Tried logging in via tapatalk but a bunh of errors are surfacing.  Gone for good?


----------



## stainless (Oct 15, 2017)

cmayna said:


> Tried logging in via tapatalk but a bunh of errors are surfacing.  Gone for good?



You ever get an answer on this?


----------



## SmokinAl (Oct 15, 2017)

I'm pretty sure this format doesn't support tapatalk.
I believe this was answered in another thread.
Al


----------



## cmayna (Oct 15, 2017)

Al's reply above is the only staff reply.  It's a shame for Tapatalk was so much easier to download pics.  Oh well....


----------



## dls1 (Oct 15, 2017)

cmayna,

Do you use TT on any other forum, or just SMF? If the former, have you experienced the same, or any other problems, on those forums?

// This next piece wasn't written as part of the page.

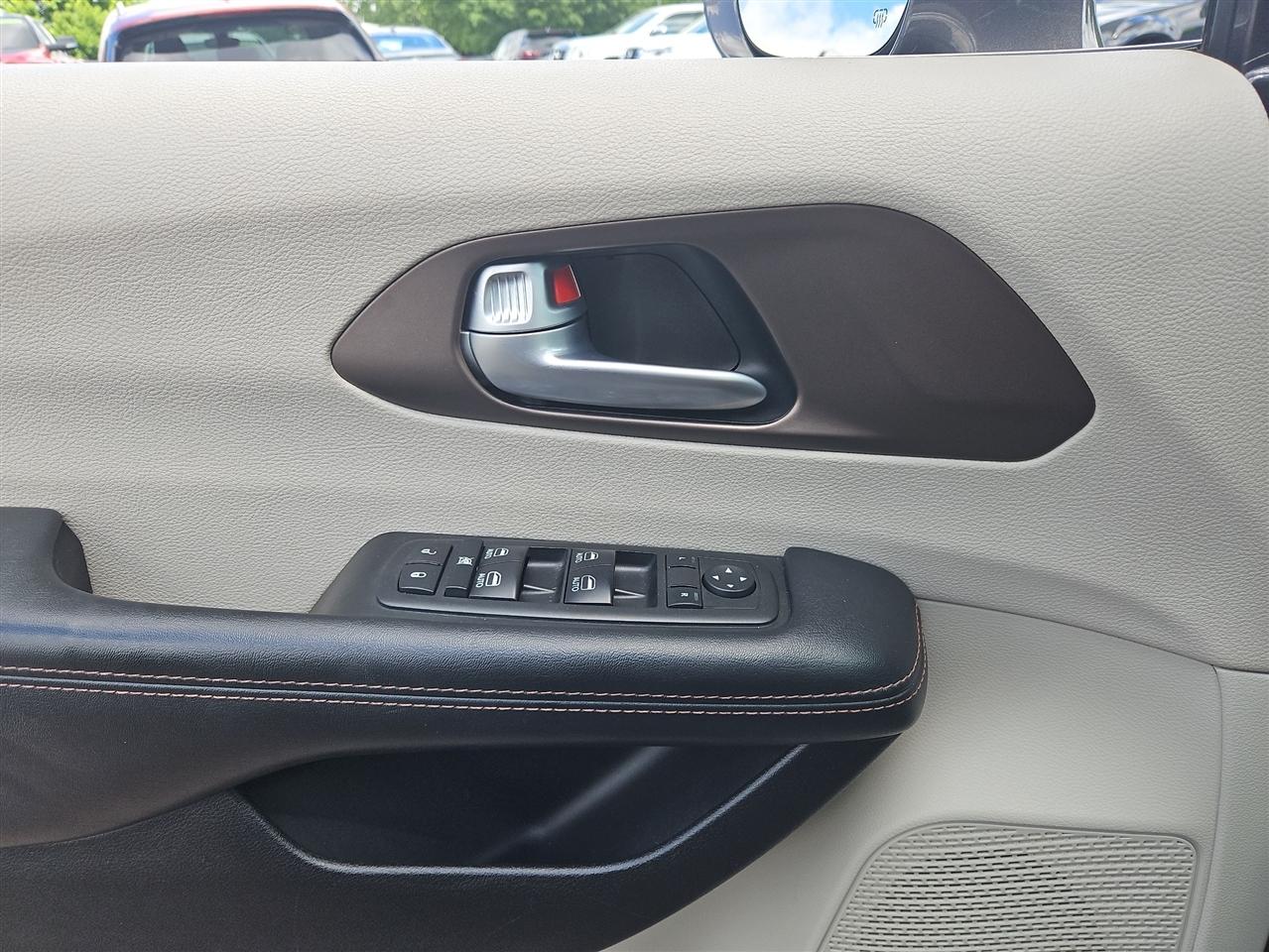 Chrysler Pacifica Touring-L Plus 2017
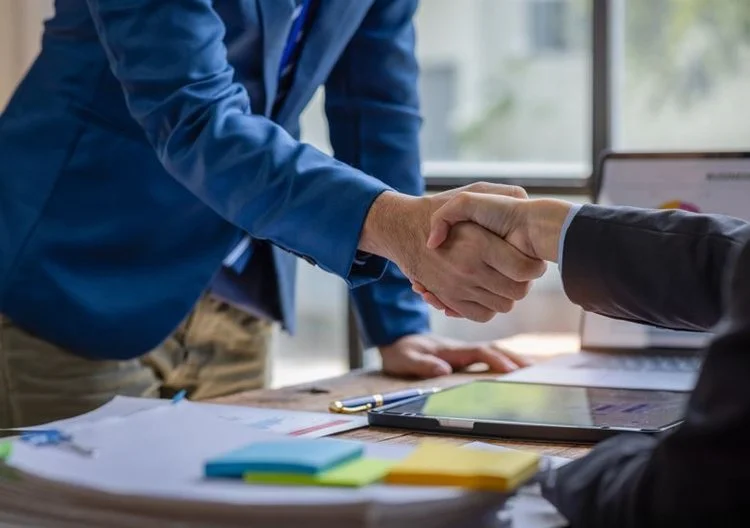 handshake-business-owners.jpg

The reason I bring this up is that TT had a system/software upgrade on 9/28/2017, about the same time that the migration to Xenforo commenced. The glitches brought about with TT's latest upgrade have created havoc for their users with login, and many other problems.  

It may be a coincidence in timing with the problem being brought about by TT's upgrade or, as Al mentioned, Xenforo doesn't support TT. I do know that a good number of other forums owners and admins have expressed with TT, and are looking for an alternative mobile solution.


----------